The accurate estimation of temperature distribution in the earth's crust and modeling of heat-related processes in geodynamics requires knowledge of the thermal conductivity of plutonic rocks. This study compiled an extensive dataset of 530 representative plutonic rock samples, including thermal conductivity, major oxide composition and (for two subsets of data) modal mineralogy. For the first time, three machine learning algorithms (ML; i.e. support vector regression, random forest and extreme gradient boosting) were employed to estimate the thermal conductivity of plutonic rocks using the major oxide composition feature as input variables. The performance of these ML-based models was evaluated against a geochemically-compositional model and eight mineral-driven physically-based empirical mixing models. Results show that the means of predicted thermal conductivity by the ML-based models and the geochemically-compositional model are not significantly different from the measured thermal conductivity at a significance level of 5 per cent.

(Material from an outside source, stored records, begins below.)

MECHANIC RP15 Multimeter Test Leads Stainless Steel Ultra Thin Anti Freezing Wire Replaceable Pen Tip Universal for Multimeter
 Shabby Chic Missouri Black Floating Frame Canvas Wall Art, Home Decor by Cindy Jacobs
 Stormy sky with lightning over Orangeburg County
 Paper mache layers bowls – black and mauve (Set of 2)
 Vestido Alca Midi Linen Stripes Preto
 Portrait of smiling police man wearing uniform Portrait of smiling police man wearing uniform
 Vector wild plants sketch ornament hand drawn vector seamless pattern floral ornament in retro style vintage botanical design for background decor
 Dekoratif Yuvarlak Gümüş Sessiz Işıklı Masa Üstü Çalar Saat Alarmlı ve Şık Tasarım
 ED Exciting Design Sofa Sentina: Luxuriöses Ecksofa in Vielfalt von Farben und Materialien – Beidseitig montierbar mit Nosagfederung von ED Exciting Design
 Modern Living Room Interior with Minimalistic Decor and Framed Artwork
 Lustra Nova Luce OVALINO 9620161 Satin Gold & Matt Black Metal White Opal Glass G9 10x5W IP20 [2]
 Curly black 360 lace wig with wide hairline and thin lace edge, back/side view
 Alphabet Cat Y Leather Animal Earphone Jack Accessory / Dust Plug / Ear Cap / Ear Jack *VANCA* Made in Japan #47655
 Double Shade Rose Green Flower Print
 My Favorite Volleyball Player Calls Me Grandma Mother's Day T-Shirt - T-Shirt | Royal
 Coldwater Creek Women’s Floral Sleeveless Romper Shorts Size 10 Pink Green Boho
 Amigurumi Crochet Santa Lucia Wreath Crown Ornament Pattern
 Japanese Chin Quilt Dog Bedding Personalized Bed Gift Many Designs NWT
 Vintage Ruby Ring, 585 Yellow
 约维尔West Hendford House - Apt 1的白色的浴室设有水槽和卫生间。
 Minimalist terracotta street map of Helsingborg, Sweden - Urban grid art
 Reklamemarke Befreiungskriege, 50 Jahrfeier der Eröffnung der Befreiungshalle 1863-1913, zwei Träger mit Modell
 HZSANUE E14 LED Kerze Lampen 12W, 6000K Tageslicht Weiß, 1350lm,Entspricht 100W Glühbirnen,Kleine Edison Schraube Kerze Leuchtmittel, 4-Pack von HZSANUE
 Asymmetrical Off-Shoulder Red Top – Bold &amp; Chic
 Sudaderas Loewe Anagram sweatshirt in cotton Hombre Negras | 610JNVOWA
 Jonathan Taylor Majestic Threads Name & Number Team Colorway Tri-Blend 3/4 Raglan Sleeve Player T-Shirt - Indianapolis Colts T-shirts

However, the ML-based models outperformed the best-performing non-ML model, the geochemically-compositional model. The highest prediction accuracy was achieved by extreme gradient boosting, which reduced the mean absolute percentage error and root mean square error by more than 50 per cent. Furthermore, SiO2 is confirmed as the most important independent variable, followed by Al2O3, TiO2, CaO, and K2O. The turning point observed in the thermal conductivity trend with SiO2 wt- per cent may be primarily attributed to variations in mineral composition within the subgroup of igneous rock types classified based on SiO2 wt- per cent. The present study explores, for the first time, the use of ML algorithms to estimate the thermal conductivity of plutonic rocks from their major oxide composition.